I plan to read this poem by W. B Yeats. The lines of the poem have touched me deeply since my first reading many years ago. The poem opens with the horror of a fundamental disconnect between the human presence and our engagement with Nature. The image is of a raptor that is unable to return to it’s trainer, — profound disorientation is the point.
I have to read this poem because I think that we have entered a maelstrom of chaotic social relations, disruption in our relations with other nations. The worst prospect is a drumbeat of weather driven disasters that pound our coastal cities, and the fires due to extended drought conditions in other parts of the country. As far as I can tell “the center cannot hold.”
In a media fog where lies are indistinguishable from truth, and unabashed will-to-power is becoming more and more the norm — anarchy is loosed upon our world. The epistemic confusion, the denial of reason contaminates all political discourse which plays to the strength of the so-called conservative minded folk. As a matter of fact they do not intend to conserve anything; only to express infinite rage at being victims sacrificed to a system which they do not understand. The scapegoats are those traitorous Clintons, or the horde of brown people invading our southern border.

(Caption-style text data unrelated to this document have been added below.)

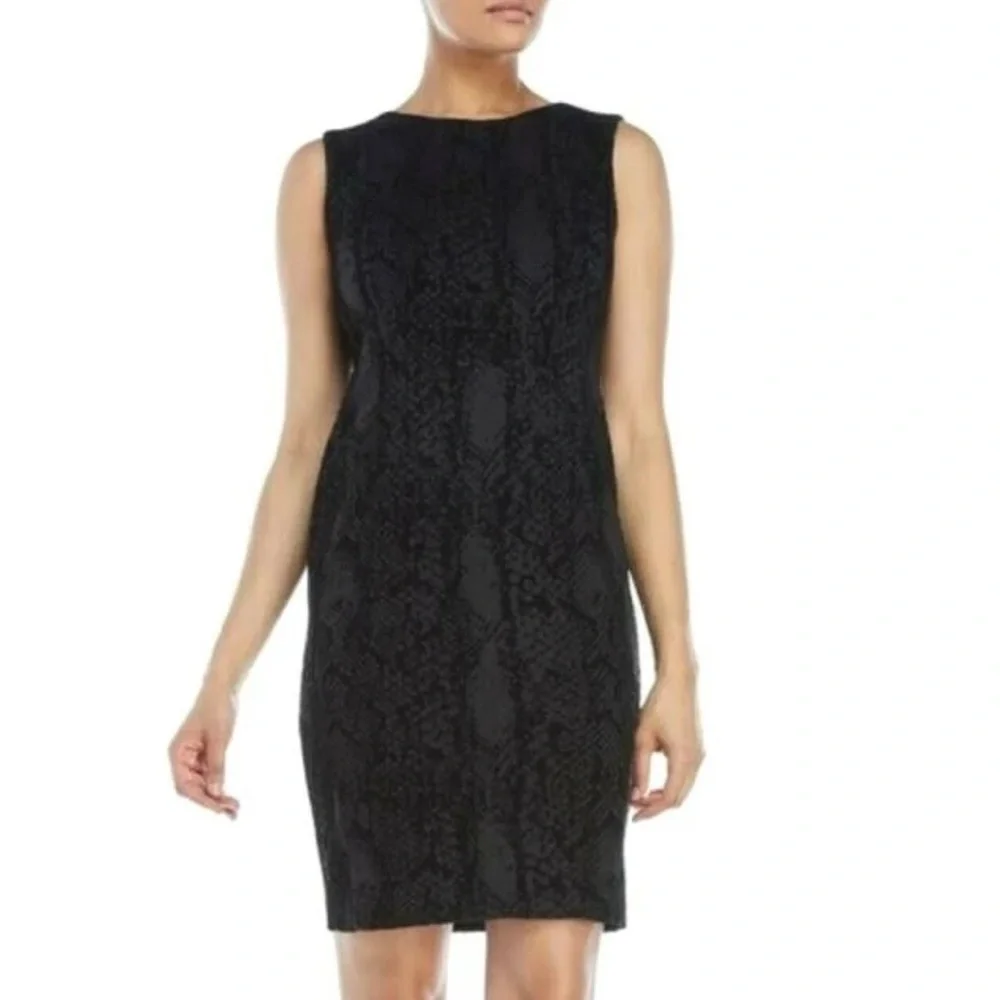 Carmen Marc‎ Valvo Black Velvet Burnout Snakeskin Sheath Dress - Size 10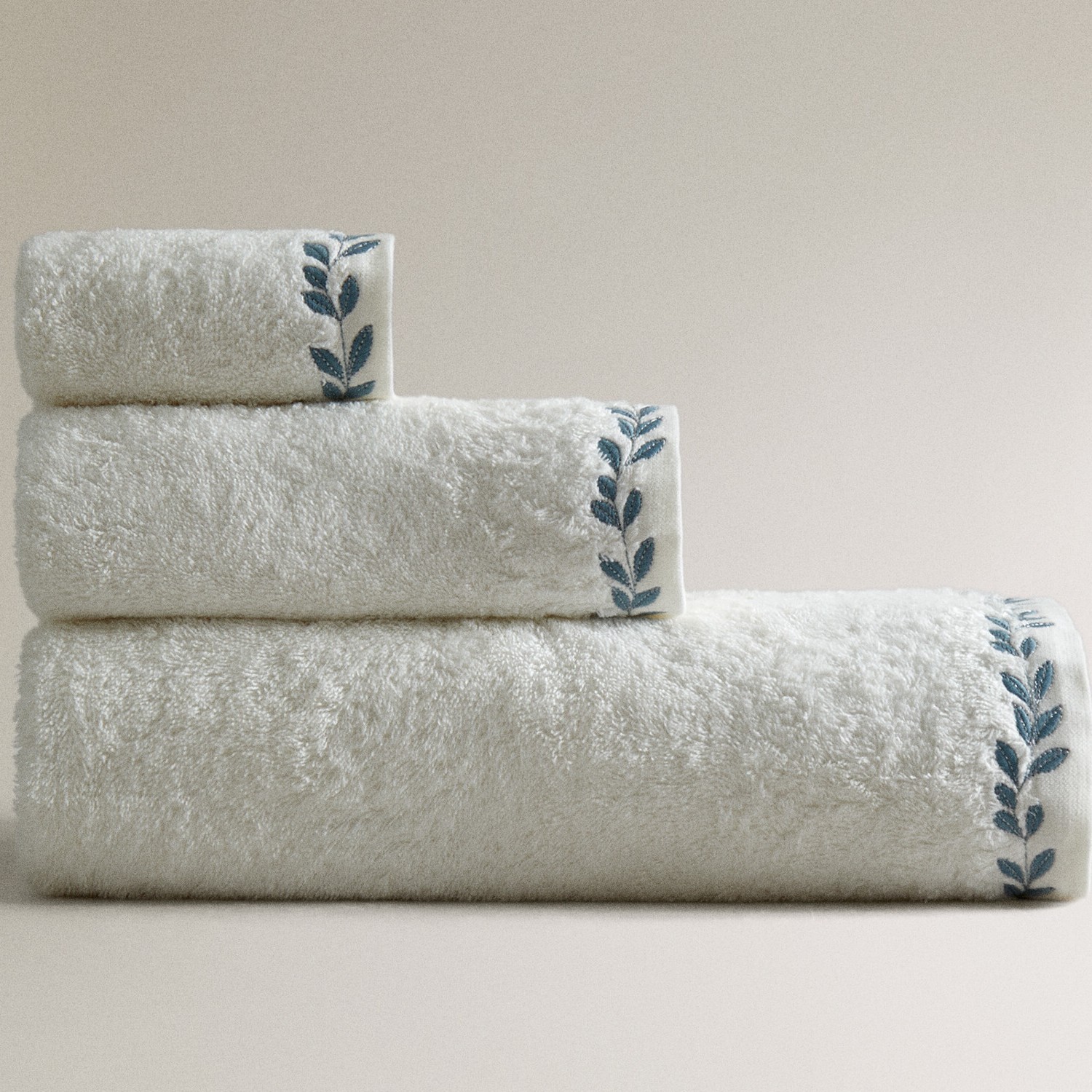 

Полотенце Zara Home Embroidered Laurel, желтовато-белый
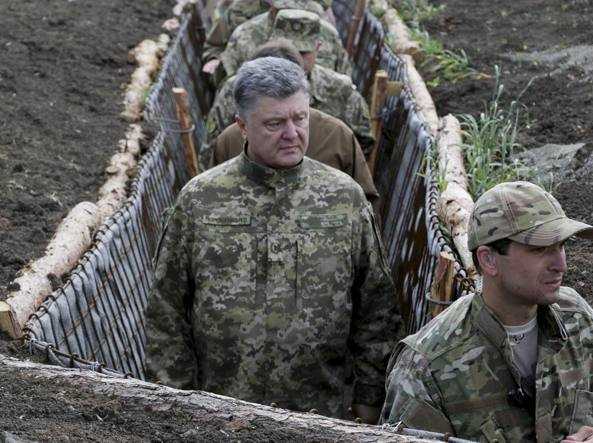 Crisi Ucraina, Poroshenko: «Putin non rispetta i patti; chiediamo armi pesanti agli Usa»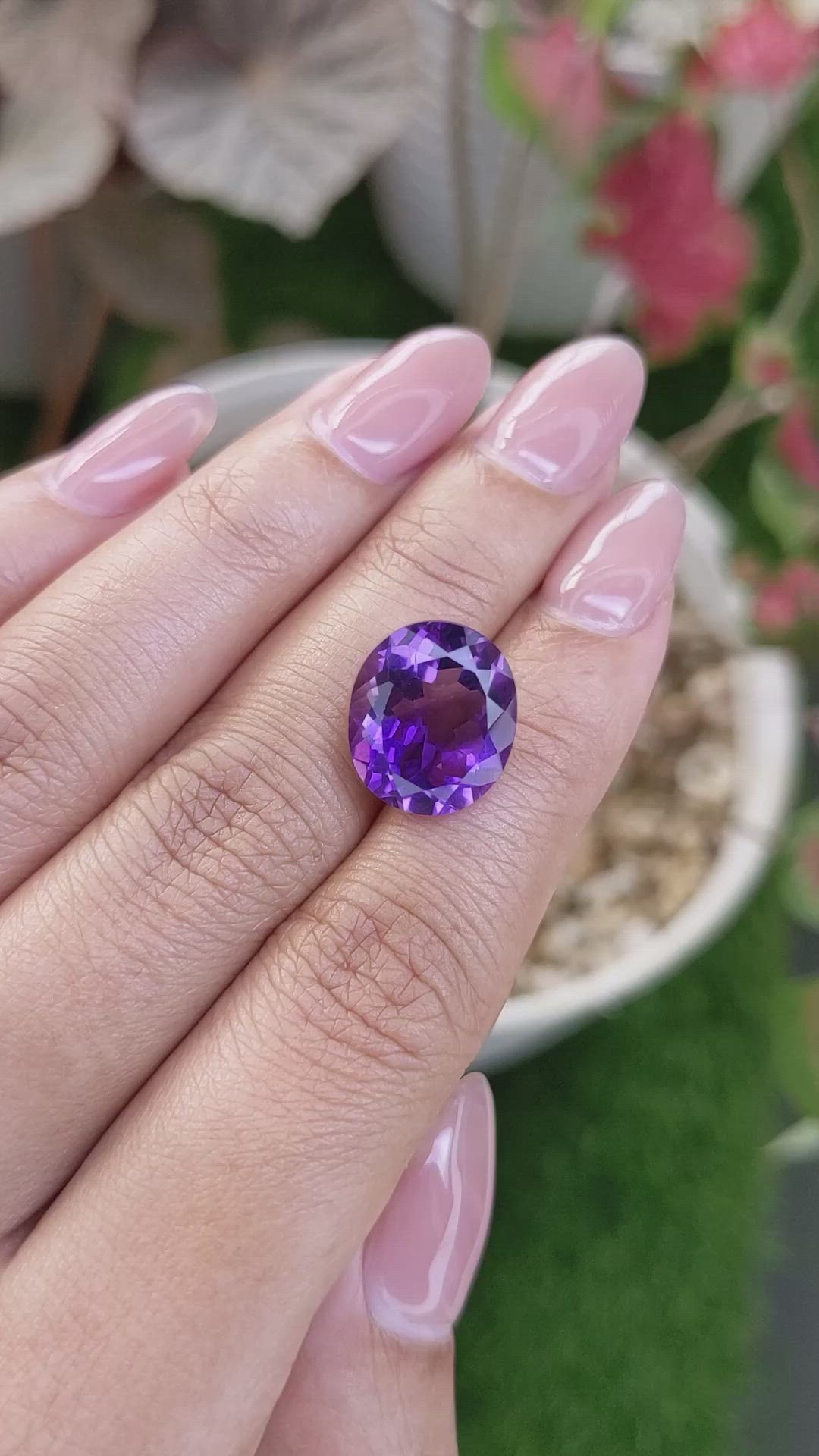 7.67 Ct. Purple Amethyst from Ceylon (Sri Lanka) Size Video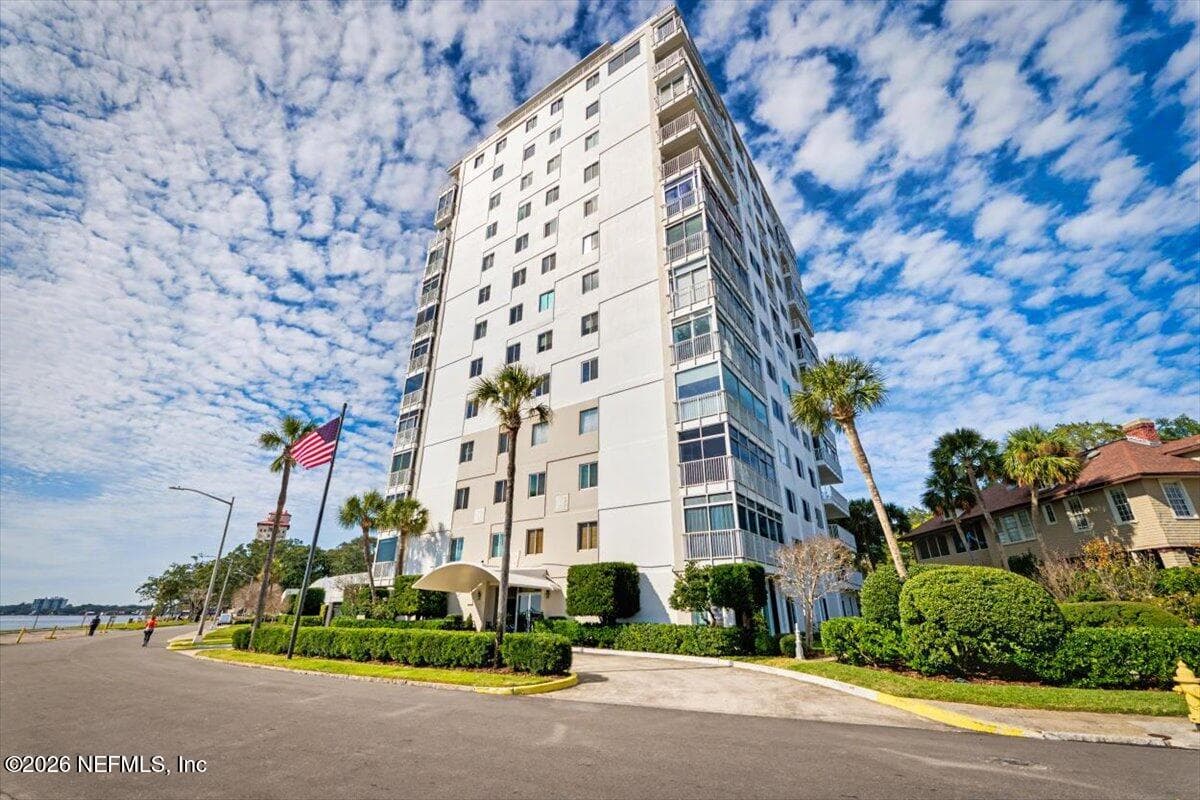 1560 LANCASTER Terrace 103, Jacksonville, FL 32204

If you are familiar with New Testament metaphor you will know that “The Second Coming” stands for divine intervention that imposes universal justice, and straightens out our “f____d up” world. Instead of a supernatural solution for our intractable human failures, what do we get?
We get a hybrid man-beast who has no principles, none of the usual human sense of propriety, of behavioral limit. This one is soulless, devoid of empathy. He is the antithesis to the babe-in-the-manger, the one whose integrity as an adult meant that in the calculus of empire, his murder was just “business as usual.” We have our rough beast slouching toward Bethlehem to be born.
That is why this poem must be read tomorrow evening.
The Second Coming
W. B. Yeats- 1865-1939
Turning and turning in the widening gyre
The falcon cannot hear the falconer;
Things fall apart; the centre cannot hold;
Mere anarchy is loosed upon the world,
The blood-dimmed tide is loosed, and everywhere
The ceremony of innocence is drowned;
The best lack all conviction, while the worst
Are full of passionate intensity.
Surely some revelation is at hand;
Surely the Second Coming is at hand.
The Second Coming! Hardly are those words out
When a vast image out of Spiritus Mundi
Troubles my sight: somewhere in sands of the desert
A shape with lion body and the head of a man,
A gaze blank and pitiless as the sun,
Is moving its slow thighs, while all about it
Reel shadows of the indignant desert birds.
The darkness drops again; but now I know
That twenty centuries of stony sleep
Were vexed to nightmare by a rocking cradle,
And what rough beast, its hour come round at last,
Slouches towards Bethlehem to be born?
One thought on “Drowning”
One of your best, my friend. Passion bespeaks truth.